Home Renovation

Lessons From Renovating Our Homes During a Pandemic

Despite a million reasons not to renovate, we did anyway—here’s what we learned.

September 22, 2021
Photo by Mark Weinberg

March 2020 in Paris was disturbingly warm, a detail I know not from memory but from the pictures on my phone. There we are on our wedge of a balcony, splayed out on green metal chairs, my husband, Guillaume, squinting into the late-day sunlight with my daughter, Mimi, rosy-cheeked and just shy of her first birthday. A few photos later, there’s Mimi in front of our tall living room windows, her hands as plump as balloon animals and pressed against the glass, gazing outside. There are just a few pictures from quick walks around our tumbleweed-quiet neighborhood, the sky cobalt blue over the buildings with their charcoal mansard roofs.

The upside to this cruel meteorological joke—homebound and teased by a precocious Paris spring—was the number of home projects we finally got around to. Guillaume does renovations for a living, and for the first time, his skills and know-how were entirely mine to exploit. I have pictures of him building closets from repurposed 8-foot doors; sledgehammering the wall that gave our apartment a dark, labyrinthine feel; securing a new kitchen counter (thankfully, Ikea was still delivering) next to those big living room windows—anything to brighten the space we were confined to 23 hours each day.

I helped when I could, and when I couldn’t, I cooked. Next to the pictures of ladders and demolition rubble, there are snapshots of thick Spanish tortillas and crackly-skinned roast chickens—fuel for the travail.


A boom in renovations

We weren’t the only ones renovating during a pandemic. Data from 2020 shows that 74.2 million Americans completed a home remodel that year—an increase of nearly 20 percent compared to the previous year. Steve Treacy, Sales Director at Block Renovation, says the boom was in part driven by the housing market: “More transience to suburbs with lower pricing in cities [drove] home purchases in both markets.” He continued, “People wanted to renovate their new space to truly make it feel like theirs. Then you mix that with an overall, newfound desire to love the space you live in.” Both new and longtime homeowners found themselves renovating during a pandemic—despite the difficulties.

As Ronda Kaysen writes for The New York Times, “Few people relish the idea of living through a home renovation. The work is loud, dusty, and completely upends your life. Live through one during a pandemic, though, and you face an additional challenge: There’s no escape.”

It's like being in a cage with a lion and saying, gee, now seems like the perfect time to set free all of these bees.

But we did it anyway, for physical comfort, sprucing up our nests to make them cozier. We quieted our anxiety by clicking through home furnishing websites, which hit new records in visitation and purchases. We designed wishful-thinking tablescapes, buying plates and napkins and place mats, and fantasizing about intimate dinners we’d host someday soon, swapping stories over beautiful centerpieces and moody candlelight.

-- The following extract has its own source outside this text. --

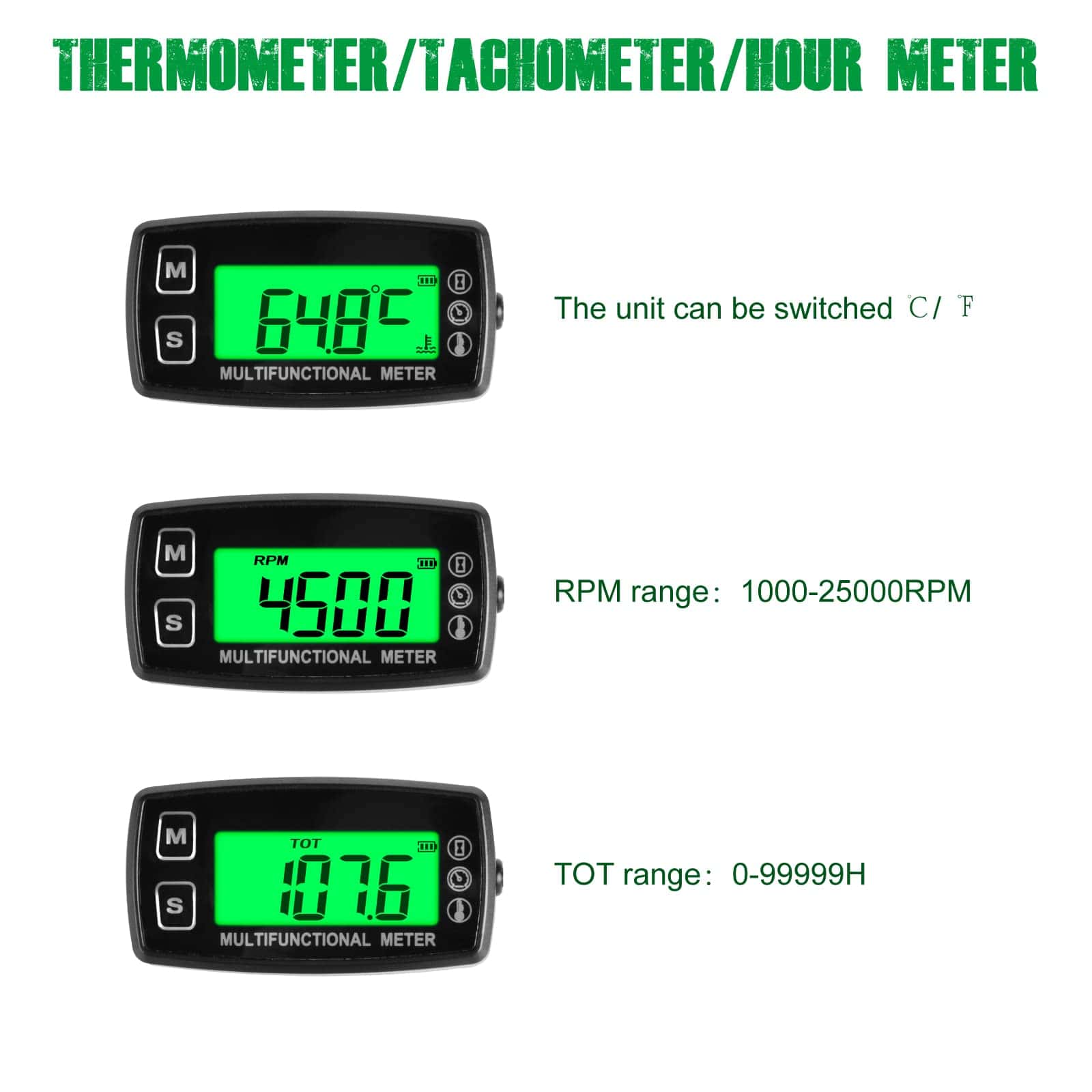 Medidor de temperatura del agua digital Yooreal, tacómetro - Imagen 3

Needless to say, essential workers did not have the same luxury of time. But for those who did, to be preoccupied with color schemes and light fixtures was both a survival mechanism and just something to do.

According to a recent Houzz survey, time was the leading catalyst for home renovators: 44 percent reported having wanted to remodel their homes all along and finally having the time. A fair share (36 percent) reported finally having the financial means. Somewhat surprisingly, only 18 percent of homeowners said their renovations were inspired by lifestyle changes. Then again, I have to wonder how much weight to give those numbers, seeing as they’re somewhat intertwined—for example, transitioning to WFH is a lifestyle change and a quick way to find a few more hours in the day. But I suppose it’s a matter of perspective, and people reported the change they felt most poignantly.

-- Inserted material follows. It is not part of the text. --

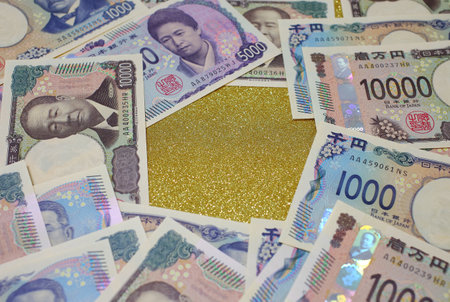10,000 yen note 5,000 yen note 1,000 yen noteの写真素材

Time for a kitchen makeover

Many gravitated toward the kitchen, so it’s no surprise that people were eyeing the paint peeling from their old cabinets with fresh concern. Houzz found that kitchen projects were the most popular among renovating homeowners and that investments in major remodels of large kitchens jumped 14 percent in 2020 (to $40,000). And this, despite a gauntlet of obstacles.

Kaysen writes, “A major kitchen renovation is never easy. It’s like assembling a three-dimensional jigsaw puzzle, with the addition of each piece dependent on the one before it. Renovating a kitchen during a pandemic is even trickier. The global supply chain has been upended at nearly every point, leading to delays in everything from refrigerators to lumber.”

For me, the tipping point was natural light. Our former corner-of-a-kitchen was gloomy. As is not uncommon in old Parisian apartments, it felt more like an afterthought than an actual room. Being a corn-fed American raised on the concept of the airy, aspirational home, I wanted an open-concept kitchen drenched (or at least splashed) in sunlight—even if it meant building a minimalist version until I could plan (and finance) the dream one.

For photographer and author Marisa Scheinfeld, the time felt right to finally renovate her 20-year-old kitchen: “many of the cabinets were loose, some drawers not functioning, and overall, the kitchen was dark and not a warm, welcoming space.” They decided on a total remodel, tearing down a wall to add light and create a fluid space with the living room. But breaking and rebuilding the bones of an 1890 home wasn’t without its surprises—they found four subfloors beneath the kitchen floor. Pandemic-related delays in appliances set them back even further. “What should have taken four to six weeks took nine. But it was worth it.”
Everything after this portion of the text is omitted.